Crime

Gambling's high stakes: Reporter became expert on machines for story

Before this spring, I’d never sat down at a gaming machine in a convenience store.

I rarely go into the stores unless I’m traveling.

I’d never paid attention to the games or the people playing them.

Gambling isn’t my thing. I’ve played slot machines in casinos, but my winnings never amounted to much.

As part of my reporting about the machines, though, I stopped at a store near my house one morning to try out the games.

About 8:30, there was a steady stream of customers going to the front counter to buy cigarettes, pay for gas or get a cup of coffee.

But I was alone at the machines.

I sat down and fed in a dollar.

Betting the minimum 25 cents a hand, I lost my dollar in mere seconds.

I moved to another machine and put in another dollar. Again, it was gone in less than a minute.

Discouraged, I moved to a third machine and fed in $5, hoping I might win if I could play more than four times.

My luck changed!

Matching up three cartoon figures in a swamp-themed game called “Everglades,” I hit the right combination to move on to a bonus round.
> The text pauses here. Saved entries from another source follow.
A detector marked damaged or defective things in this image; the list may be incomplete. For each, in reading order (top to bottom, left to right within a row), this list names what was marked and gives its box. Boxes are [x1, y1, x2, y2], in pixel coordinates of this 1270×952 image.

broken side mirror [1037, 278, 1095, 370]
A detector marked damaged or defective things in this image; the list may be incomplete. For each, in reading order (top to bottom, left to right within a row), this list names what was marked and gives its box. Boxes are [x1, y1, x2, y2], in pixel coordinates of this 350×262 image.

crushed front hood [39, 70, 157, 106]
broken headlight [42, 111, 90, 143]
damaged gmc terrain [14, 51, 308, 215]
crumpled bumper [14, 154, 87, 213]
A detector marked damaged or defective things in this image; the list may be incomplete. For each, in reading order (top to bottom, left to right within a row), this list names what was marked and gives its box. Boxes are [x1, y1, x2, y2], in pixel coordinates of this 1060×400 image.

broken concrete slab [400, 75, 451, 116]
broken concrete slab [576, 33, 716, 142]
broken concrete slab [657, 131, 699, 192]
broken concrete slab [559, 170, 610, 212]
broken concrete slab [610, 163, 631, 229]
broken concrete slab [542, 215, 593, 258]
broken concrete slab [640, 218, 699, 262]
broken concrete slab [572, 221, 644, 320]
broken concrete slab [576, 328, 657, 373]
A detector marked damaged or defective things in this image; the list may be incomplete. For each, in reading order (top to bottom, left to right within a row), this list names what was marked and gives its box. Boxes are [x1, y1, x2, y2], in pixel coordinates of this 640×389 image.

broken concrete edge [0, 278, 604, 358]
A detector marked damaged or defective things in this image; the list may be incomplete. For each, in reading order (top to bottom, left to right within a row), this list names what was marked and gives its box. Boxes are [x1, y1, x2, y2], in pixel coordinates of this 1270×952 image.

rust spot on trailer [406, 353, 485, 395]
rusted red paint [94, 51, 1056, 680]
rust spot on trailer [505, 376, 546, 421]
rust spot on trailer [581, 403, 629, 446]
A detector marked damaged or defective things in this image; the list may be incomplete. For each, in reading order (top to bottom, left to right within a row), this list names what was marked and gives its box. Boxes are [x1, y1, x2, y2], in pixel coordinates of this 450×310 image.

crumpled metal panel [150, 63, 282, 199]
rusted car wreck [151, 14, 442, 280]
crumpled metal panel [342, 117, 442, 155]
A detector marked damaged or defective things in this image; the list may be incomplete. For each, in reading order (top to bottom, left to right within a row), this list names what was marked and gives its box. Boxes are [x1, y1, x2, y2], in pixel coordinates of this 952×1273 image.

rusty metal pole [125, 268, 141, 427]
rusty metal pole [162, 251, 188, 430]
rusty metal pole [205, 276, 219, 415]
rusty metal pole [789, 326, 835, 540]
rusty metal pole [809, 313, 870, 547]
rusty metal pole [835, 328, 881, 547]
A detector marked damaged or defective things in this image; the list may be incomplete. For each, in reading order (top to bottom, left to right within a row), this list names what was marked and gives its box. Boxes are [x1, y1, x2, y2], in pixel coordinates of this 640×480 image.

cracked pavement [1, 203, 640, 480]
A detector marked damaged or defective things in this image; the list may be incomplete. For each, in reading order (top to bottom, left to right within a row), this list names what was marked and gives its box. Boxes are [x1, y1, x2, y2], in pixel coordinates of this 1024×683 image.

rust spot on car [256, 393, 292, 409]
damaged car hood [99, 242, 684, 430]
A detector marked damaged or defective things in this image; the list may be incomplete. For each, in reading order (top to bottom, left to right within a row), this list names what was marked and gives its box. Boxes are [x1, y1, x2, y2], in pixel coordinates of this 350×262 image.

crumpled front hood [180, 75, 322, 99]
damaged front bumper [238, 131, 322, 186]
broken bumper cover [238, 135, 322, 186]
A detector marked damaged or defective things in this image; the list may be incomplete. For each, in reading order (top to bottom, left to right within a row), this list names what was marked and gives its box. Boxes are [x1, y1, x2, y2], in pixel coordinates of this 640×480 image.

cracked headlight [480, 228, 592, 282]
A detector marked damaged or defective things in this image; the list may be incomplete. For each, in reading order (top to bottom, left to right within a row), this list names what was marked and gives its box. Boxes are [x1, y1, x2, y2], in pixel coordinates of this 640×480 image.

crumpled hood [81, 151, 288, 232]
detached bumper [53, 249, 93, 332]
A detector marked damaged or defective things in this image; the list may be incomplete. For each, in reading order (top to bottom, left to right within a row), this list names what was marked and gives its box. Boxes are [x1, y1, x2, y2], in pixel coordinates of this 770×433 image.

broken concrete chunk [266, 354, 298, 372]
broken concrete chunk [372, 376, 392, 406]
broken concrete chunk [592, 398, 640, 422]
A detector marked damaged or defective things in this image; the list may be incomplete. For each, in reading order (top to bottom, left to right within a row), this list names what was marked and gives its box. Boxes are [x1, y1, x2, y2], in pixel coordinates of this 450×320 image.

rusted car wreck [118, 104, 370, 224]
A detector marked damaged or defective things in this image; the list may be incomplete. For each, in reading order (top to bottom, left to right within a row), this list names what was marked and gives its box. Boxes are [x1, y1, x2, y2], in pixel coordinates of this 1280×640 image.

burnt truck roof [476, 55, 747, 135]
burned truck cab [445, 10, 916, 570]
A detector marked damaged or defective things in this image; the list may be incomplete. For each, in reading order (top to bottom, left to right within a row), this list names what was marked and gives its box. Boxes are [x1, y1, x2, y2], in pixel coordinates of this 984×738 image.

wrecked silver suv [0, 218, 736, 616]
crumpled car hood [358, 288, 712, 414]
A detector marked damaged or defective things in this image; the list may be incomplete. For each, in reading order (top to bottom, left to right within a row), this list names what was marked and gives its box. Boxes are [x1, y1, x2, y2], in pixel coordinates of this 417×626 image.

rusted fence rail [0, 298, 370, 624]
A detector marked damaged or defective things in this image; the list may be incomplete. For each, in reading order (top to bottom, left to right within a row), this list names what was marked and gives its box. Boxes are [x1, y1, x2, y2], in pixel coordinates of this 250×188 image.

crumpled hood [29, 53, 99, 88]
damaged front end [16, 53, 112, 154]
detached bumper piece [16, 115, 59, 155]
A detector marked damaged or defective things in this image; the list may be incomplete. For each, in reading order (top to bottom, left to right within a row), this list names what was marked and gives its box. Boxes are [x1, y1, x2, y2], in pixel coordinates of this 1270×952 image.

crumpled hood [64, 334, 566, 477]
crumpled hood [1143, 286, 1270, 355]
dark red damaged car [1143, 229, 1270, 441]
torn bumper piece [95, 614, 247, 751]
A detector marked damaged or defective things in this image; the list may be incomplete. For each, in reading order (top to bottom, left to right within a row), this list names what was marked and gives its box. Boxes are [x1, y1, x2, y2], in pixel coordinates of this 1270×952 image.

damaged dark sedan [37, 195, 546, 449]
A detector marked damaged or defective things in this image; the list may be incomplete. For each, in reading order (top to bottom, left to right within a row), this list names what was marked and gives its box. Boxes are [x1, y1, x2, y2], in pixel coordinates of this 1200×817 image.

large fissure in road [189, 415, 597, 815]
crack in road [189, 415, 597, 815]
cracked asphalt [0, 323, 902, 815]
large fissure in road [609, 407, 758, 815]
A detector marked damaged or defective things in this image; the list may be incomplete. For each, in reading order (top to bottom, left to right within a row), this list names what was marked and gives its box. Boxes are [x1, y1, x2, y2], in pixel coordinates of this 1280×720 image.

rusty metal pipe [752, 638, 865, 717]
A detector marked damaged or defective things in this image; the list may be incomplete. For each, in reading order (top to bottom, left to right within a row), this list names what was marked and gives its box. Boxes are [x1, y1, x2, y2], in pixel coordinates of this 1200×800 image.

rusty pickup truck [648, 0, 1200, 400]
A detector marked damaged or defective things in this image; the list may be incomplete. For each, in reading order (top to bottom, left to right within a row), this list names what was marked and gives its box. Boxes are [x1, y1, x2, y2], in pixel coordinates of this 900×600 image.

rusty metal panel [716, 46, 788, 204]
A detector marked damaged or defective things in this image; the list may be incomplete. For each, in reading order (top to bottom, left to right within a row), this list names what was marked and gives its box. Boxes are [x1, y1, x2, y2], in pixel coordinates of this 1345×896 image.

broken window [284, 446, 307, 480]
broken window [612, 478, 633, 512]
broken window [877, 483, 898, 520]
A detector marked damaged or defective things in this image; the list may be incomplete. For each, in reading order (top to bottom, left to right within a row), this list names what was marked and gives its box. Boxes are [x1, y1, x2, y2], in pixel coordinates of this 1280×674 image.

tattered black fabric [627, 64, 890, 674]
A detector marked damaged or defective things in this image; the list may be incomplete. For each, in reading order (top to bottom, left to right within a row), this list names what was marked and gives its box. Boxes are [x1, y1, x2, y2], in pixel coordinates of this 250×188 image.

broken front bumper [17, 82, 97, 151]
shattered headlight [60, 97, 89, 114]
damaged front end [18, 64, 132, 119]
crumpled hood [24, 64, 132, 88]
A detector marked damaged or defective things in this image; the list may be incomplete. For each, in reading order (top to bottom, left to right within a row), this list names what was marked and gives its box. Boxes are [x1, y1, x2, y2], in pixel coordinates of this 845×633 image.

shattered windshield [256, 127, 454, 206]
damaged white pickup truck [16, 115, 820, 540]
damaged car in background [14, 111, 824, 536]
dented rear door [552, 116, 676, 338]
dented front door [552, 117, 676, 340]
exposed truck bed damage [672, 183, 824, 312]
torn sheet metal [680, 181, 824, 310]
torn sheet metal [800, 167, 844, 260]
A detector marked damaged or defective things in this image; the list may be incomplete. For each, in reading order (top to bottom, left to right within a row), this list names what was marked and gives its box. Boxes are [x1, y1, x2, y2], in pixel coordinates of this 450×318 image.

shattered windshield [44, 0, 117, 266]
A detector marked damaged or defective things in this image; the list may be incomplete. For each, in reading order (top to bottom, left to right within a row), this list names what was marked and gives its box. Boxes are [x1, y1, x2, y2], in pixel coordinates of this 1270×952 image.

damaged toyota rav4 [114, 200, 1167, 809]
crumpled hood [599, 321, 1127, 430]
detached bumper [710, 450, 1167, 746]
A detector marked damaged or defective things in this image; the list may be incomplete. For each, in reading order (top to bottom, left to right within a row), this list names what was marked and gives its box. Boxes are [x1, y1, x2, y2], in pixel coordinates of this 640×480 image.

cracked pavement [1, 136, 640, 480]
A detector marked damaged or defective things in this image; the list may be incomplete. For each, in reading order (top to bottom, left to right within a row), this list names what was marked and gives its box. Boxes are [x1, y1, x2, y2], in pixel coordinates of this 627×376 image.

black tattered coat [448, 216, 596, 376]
For the first time, the credits in the machine started to inch upward instead of steadily down.

At $7, I figured I’d won back my money and I asked a clerk to “cash out.” I wanted to walk away while I was still a little ahead.

The clerk responded I could only cash out in increments of $5, so I kept playing.

Surprisingly, it took just a couple minutes to win the extra $3. But by then, the clerk was gone.

Emboldened by my winning streak, I tried for $15. I hit a losing stretch, though, and quickly lost it all.

Thinking I could win again, I fed another $5 bill into the same machine.

I landed on another bonus round and doubled my $5 again.

Excited that I’d won -- and not wanting to lose again -- I waved down another clerk and asked to cash out.

After pressing a button on the machine, a receipt printed out behind the front counter.

Without saying another word, the clerk took a $10 bill out of the cash register and offered it as my prize.

Over the course of the next month or so, I played games at about 20 stores in Macon, Warner Robins and Centerville.

Most times I played, no one else was in the store except for the clerk. In others, three or four people were playing.

Clerks at a handful of stores made a point to talk to me as soon as I sat down to play, saying they’d never seen me before. They adamantly said they didn’t pay cash to winners.

Playing $5 at each store, I lost a little more than half the time.

It felt good to win, though.

A small mound of 2-liter soft drinks, chips and other snacks in The Telegraph’s break room is a reminder of my lucky streaks.